• _Required action_:
Although the data below contains pictures, output only the lines between those holding "HOTEL ARTEMIS UK" and "Special Operation - Step", inclusive, exactly and without those pictures.

• _Information provided_:
*** Block opens ***
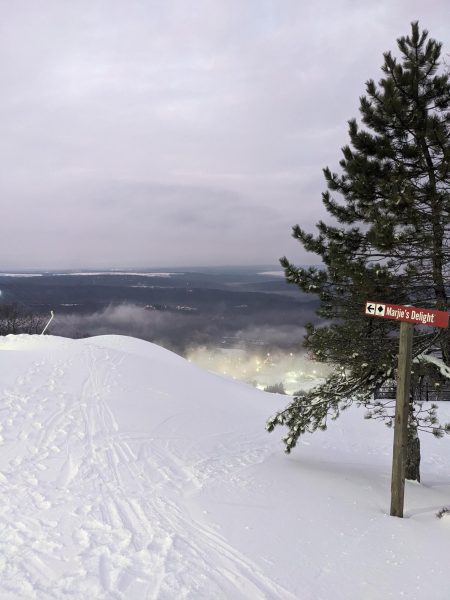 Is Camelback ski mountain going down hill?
*** Block closes ***
*** Block opens ***
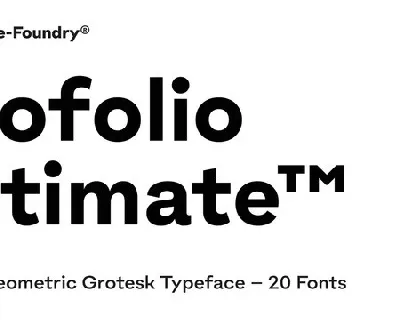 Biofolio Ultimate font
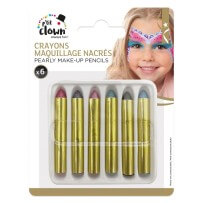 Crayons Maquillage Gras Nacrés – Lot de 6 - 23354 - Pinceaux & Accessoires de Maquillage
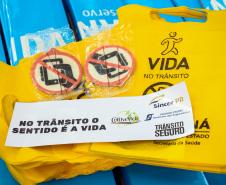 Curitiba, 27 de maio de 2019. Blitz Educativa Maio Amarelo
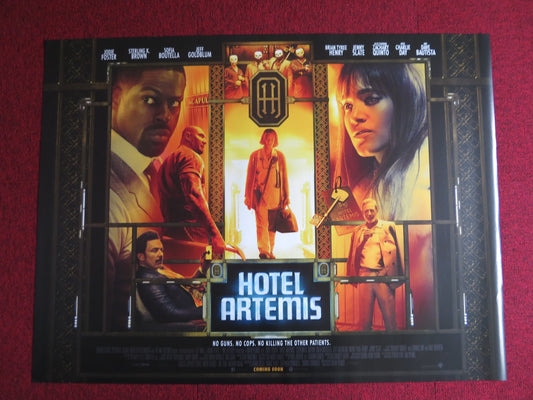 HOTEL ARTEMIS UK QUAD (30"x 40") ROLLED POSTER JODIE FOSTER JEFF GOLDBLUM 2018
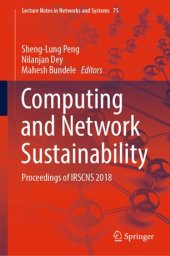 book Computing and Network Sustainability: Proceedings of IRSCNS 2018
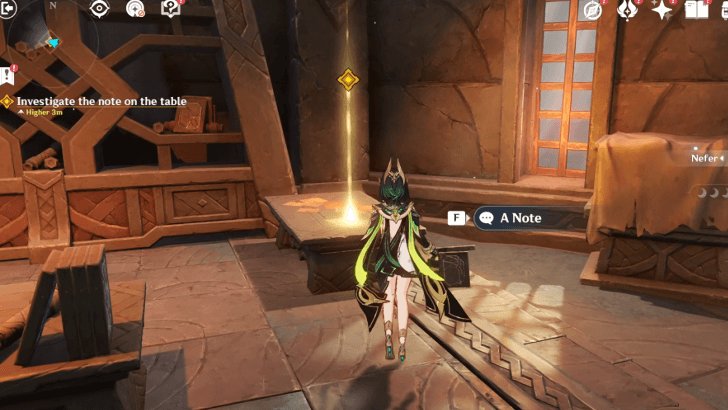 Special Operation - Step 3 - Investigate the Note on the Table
*** Block closes ***
*** Block opens ***
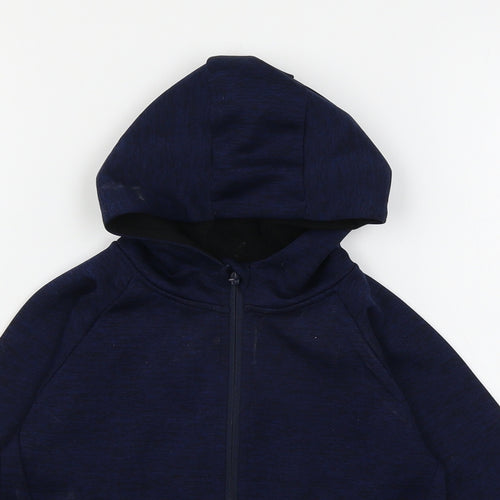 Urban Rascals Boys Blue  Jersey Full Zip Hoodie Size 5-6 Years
*** Block closes ***
• _Exercise response_:
 HOTEL ARTEMIS UK QUAD (30"x 40") ROLLED POSTER JODIE FOSTER JEFF GOLDBLUM 2018
 book Computing and Network Sustainability: Proceedings of IRSCNS 2018
 Special Operation - Step 3 - Investigate the Note on the Table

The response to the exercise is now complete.